With the pictures omitted, set down exactly the lines from the one that contains "5115 Cape Cod Court - Photo Thumbnail 36" through the last line of the data.

**PROVIDED INFORMATION**.

[Start of section]

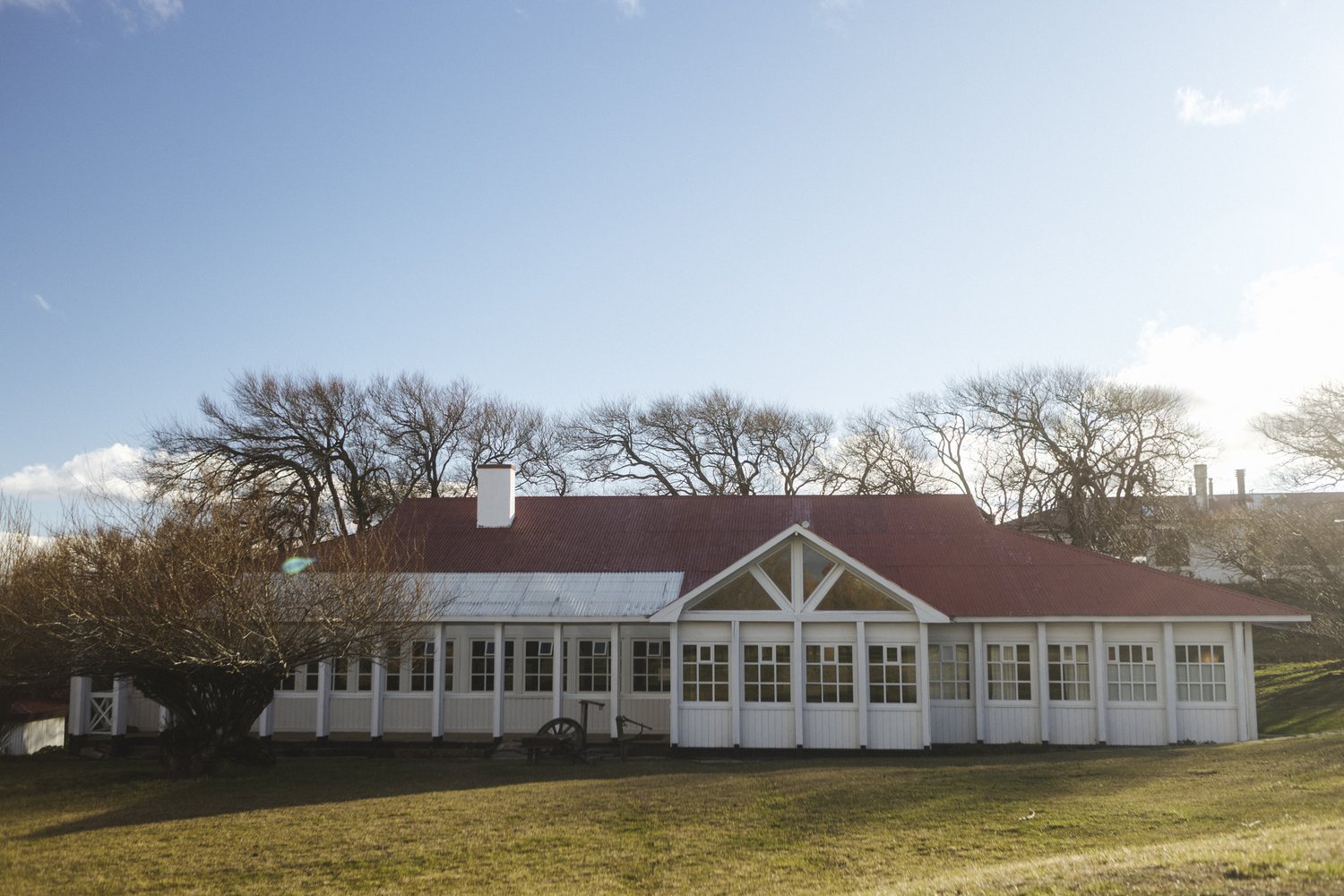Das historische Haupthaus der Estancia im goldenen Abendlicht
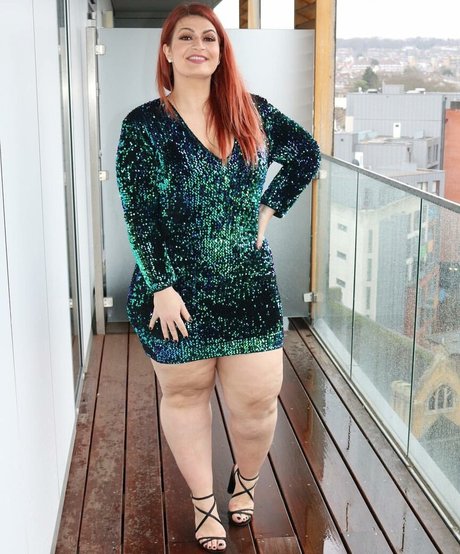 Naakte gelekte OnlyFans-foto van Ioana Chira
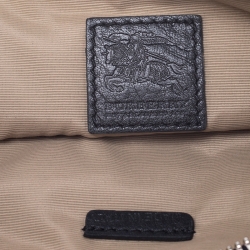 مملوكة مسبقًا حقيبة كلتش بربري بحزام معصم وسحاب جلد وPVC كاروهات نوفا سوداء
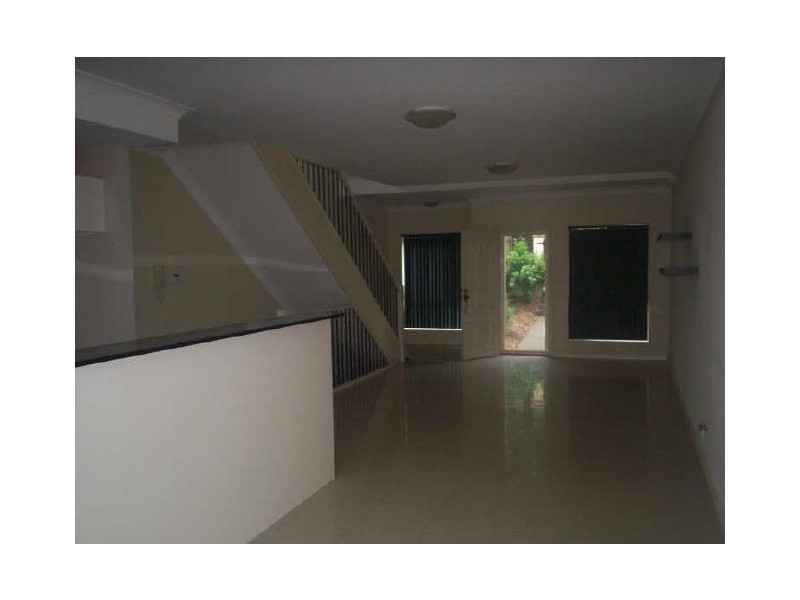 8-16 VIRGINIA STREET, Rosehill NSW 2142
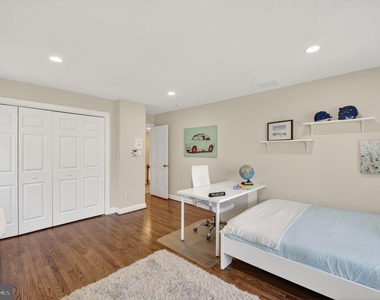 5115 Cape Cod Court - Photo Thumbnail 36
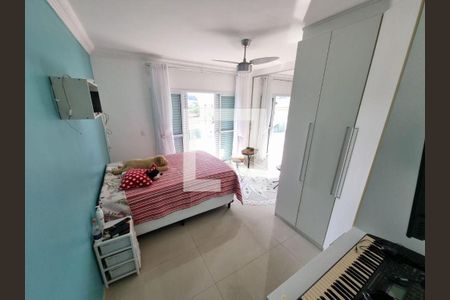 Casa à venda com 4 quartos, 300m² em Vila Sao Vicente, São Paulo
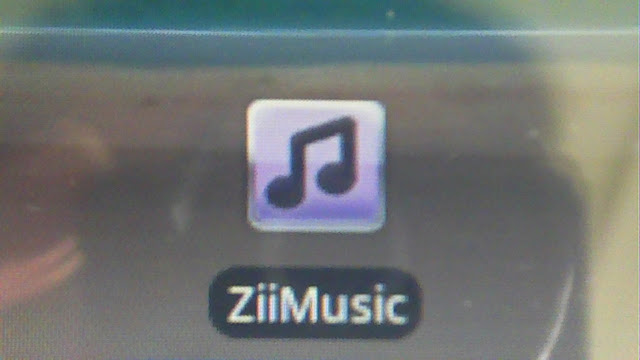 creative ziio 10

[End of section]

**EXERCISE SOLUTION**.
 5115 Cape Cod Court - Photo Thumbnail 36
 Casa à venda com 4 quartos, 300m² em Vila Sao Vicente, São Paulo
 creative ziio 10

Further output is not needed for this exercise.